En septembre 2012 la Commission présente deux propositions de refonte législative : une relative aux dispositifs médicaux qui vise à remplacer les deux anciennes directives ; et une seconde relative aux dispositifs médicaux de diagnostic in vitro. Mais la procédure s’enlise : le Parlement européen est prêt à adopté les textes amendés en octobre 2013, mais suspend le vote pour conduire de nouvelles négociations avec le Conseil pour lequel la réforme des dispositifs médicaux n’est pas vraiment une priorité. À cela s’ajoutent des tensions persistantes avec certains États membres autour notamment de la question des tests génétiques.

Le Parlement adopte quand même les deux textes en première lecture en avril 2014, mais il faut attendre le mois d’octobre 2015 pour voir l’ouverture de nouvelles négociations interinstitutionnelles (dites « trilogue ») en vue d’une deuxième lecture, qui aboutissent en mars 2017. Les deux textes repassent devant la commission environnement, santé publique et sécurité alimentaire (ENVI) avant d’être présentés et adoptés en séance plénière : Glenis Willmott (S&D, Royaume-Uni) signe le rapport sur la proposition de règlement relatif aux dispositifs médicaux, et Peter Liese (PPE, Allemagne) celui sur la proposition de règlement sur les dispositifs de diagnostics in vitro.

Un des principaux apports de la réforme est un renforcement des dispositions relatives aux organismes notifiés vigoureusement défendu par les parlementaires face au Conseil. Ces organismes devront désormais être dotés d’une administration permanente comprenant des experts scientifiques, renforcer leurs procédures de contrôle, et devront effectuer des visites de terrain inopinées au lieu d’une simple vérification des documents administratifs.

Également introduits par les parlementaires : le renforcement de la responsabilité des fabricants, et un accès à l’information facilité pour les patients victimes de complications ou effets secondaires. La réforme contient aussi l’interdiction totale de certaines substances cancérigènes dans la fabrication des produits, ainsi qu’un renforcement de l’encadrement des évaluations cliniques. La directive relative aux diagnostiques in vitro prévoit enfin l’amélioration de l’information à destination des personnes sur lesquelles est pratiqué un test génétique.
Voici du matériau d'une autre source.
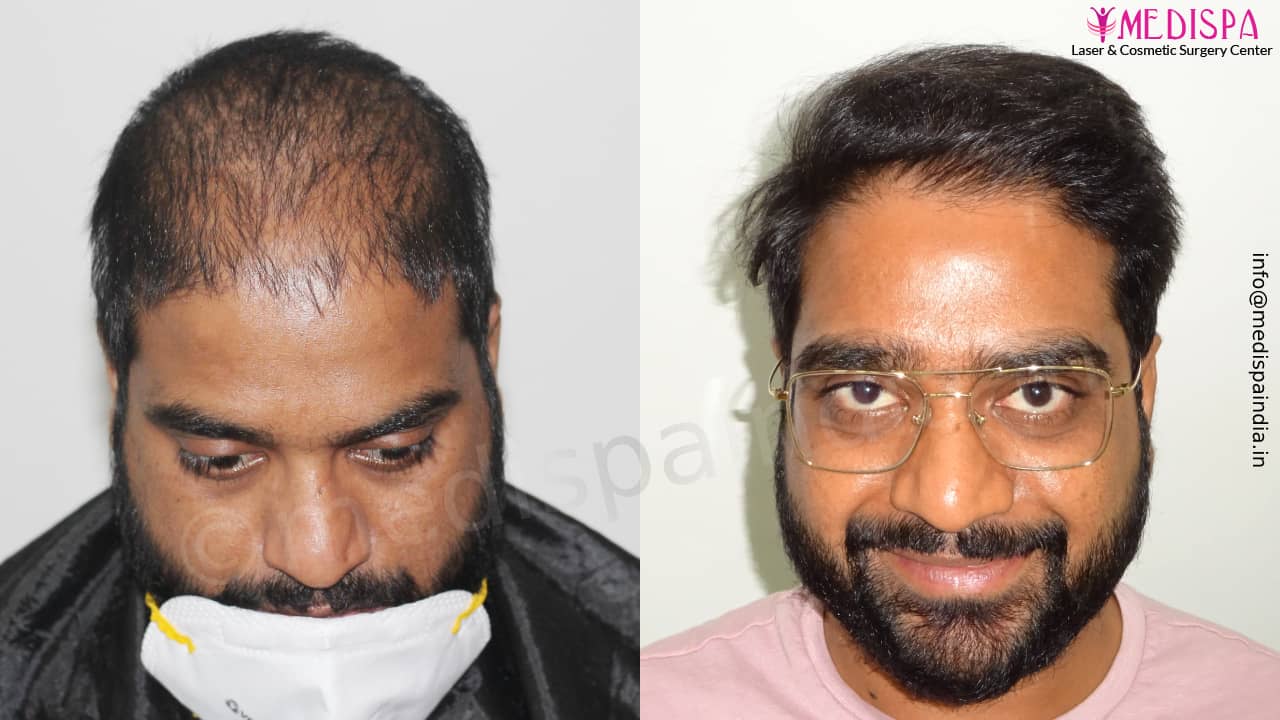 Jaipur hair transplant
Bouclier de protection des données UE/USA

data-transferSuite à l’invalidation de la décision de la Commission relative au cadre de protection du transfert de données entre UE et USA (dit « sphère de sécurité » ou « Safe Harbor ») par l’arrêt Schrems (C-362/14), il fallait établir un nouveau régime juridique qui incorporerait les exigences de la Cour de justice. Des négociations ont été lancées en février 2016 et ont abouties en juillet à une nouvelle décision de la Commission. ( Privacy Shield)

Le Parlement européen a adopté une résolution (306 voix pour, 240 contre, et 40 abstentions) signée par Claude Moraes (S&D, Royaume-Uni) pour la commission libertés civiles, justice et affaires intérieures (LIBE), qui tout en reconnaissant les « améliorations notables » du nouveau régime souligne que d’importantes questions restent en suspend, tels les aspects commerciaux de l’échange des données, les impératifs de sécurité nationale, ou encore la collecte de données en masse à des fins répressives. La Commission est invitée à poursuivre ses efforts.